4. Data retention & deletion
- Uninstalling an app immediately revokes its access token. Shopify then notifies us and we delete the store's session records. Configuration stored as metafields on your store's resources is removed by Shopify together with those resources.
- GDPR requests via Shopify: our apps implement Shopify's mandatory privacy webhooks. Because we hold no customer personal information, customer data requests and customer redaction requests complete with nothing to return or erase; a shop redaction request permanently deletes all remaining records for that shop from our systems.
- You may also contact us directly (§7) for any deletion or export request and we will respond within 30 days.
5. Sharing
We share data only with the infrastructure providers required to run the service — our hosting provider (server operations) and Cloudflare (DNS/network) — under their standard data protection terms. We never share, sell or disclose data to advertisers, data brokers or other third parties. We would disclose information if legally compelled to do so.
6. Your rights
Depending on your location (e.g. GDPR in the EEA/UK, CCPA in California), you may have rights to access, correct, export or erase personal information. Merchants can exercise these through the mechanisms in §4 or by contacting us. Buyers should direct requests to the merchant they shopped with, who can route them to us via Shopify's privacy webhooks — this is the flow Shopify prescribes for apps.
7. Contact
PlusAnchor · support@plusanchor.com
We answer privacy inquiries within 30 days.
8. Changes to this policy
If we make material changes we will update this page and revise the effective date above. Substantive changes affecting merchants will additionally be announced inside the affected app's admin.
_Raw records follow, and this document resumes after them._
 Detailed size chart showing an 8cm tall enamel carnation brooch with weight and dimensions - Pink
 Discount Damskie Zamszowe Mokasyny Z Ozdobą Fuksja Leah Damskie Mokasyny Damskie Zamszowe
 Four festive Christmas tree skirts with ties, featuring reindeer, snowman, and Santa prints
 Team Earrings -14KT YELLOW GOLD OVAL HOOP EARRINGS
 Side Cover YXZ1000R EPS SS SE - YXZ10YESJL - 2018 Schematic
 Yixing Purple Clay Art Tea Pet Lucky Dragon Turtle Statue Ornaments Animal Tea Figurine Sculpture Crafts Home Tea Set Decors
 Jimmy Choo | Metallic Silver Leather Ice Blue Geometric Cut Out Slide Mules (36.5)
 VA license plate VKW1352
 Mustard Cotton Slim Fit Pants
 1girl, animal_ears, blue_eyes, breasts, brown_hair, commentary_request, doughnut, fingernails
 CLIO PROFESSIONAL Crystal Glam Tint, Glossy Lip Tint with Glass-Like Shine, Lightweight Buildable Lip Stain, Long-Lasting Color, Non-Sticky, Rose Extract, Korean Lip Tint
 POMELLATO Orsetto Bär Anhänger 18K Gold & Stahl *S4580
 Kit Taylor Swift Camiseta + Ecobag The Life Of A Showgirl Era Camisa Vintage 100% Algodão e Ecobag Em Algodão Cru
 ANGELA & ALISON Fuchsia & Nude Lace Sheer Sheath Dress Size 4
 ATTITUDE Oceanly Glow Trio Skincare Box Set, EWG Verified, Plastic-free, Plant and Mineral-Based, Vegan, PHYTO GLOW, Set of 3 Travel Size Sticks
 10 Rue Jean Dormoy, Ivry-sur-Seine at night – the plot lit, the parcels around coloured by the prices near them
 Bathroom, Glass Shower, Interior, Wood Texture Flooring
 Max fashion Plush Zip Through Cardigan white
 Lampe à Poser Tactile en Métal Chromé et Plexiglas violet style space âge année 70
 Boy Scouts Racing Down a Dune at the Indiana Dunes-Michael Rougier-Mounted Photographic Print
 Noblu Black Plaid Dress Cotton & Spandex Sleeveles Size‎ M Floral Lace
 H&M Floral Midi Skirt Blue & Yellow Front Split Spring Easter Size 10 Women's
Appendix A — PlusAnchor: Auto Discounts specifics
PlusAnchor: Auto Discounts creates automatic discounts and shows buyers progress toward unlocking them. In addition to everything above:
- API scopes used:
write_discounts,read_products,read_customers,read_themes,write_app_proxy— the minimum set for creating discounts, product/collection pickers, optional customer-eligibility rules, widget setup detection, and the storefront progress widget respectively. - Your discount configuration is stored by Shopify as metafields on the discounts themselves. Deleting a discount deletes its configuration; uninstalling the app deletes both.
- The storefront widget calls our server through Shopify's App Proxy with the current cart state to compute progress ("Add $12 more to save 10%"). These requests are signed by Shopify, processed in memory and not stored.
- The optional "You saved" banner on the thank-you page reads the order's applied discounts inside Shopify's checkout environment only; nothing is sent to our servers.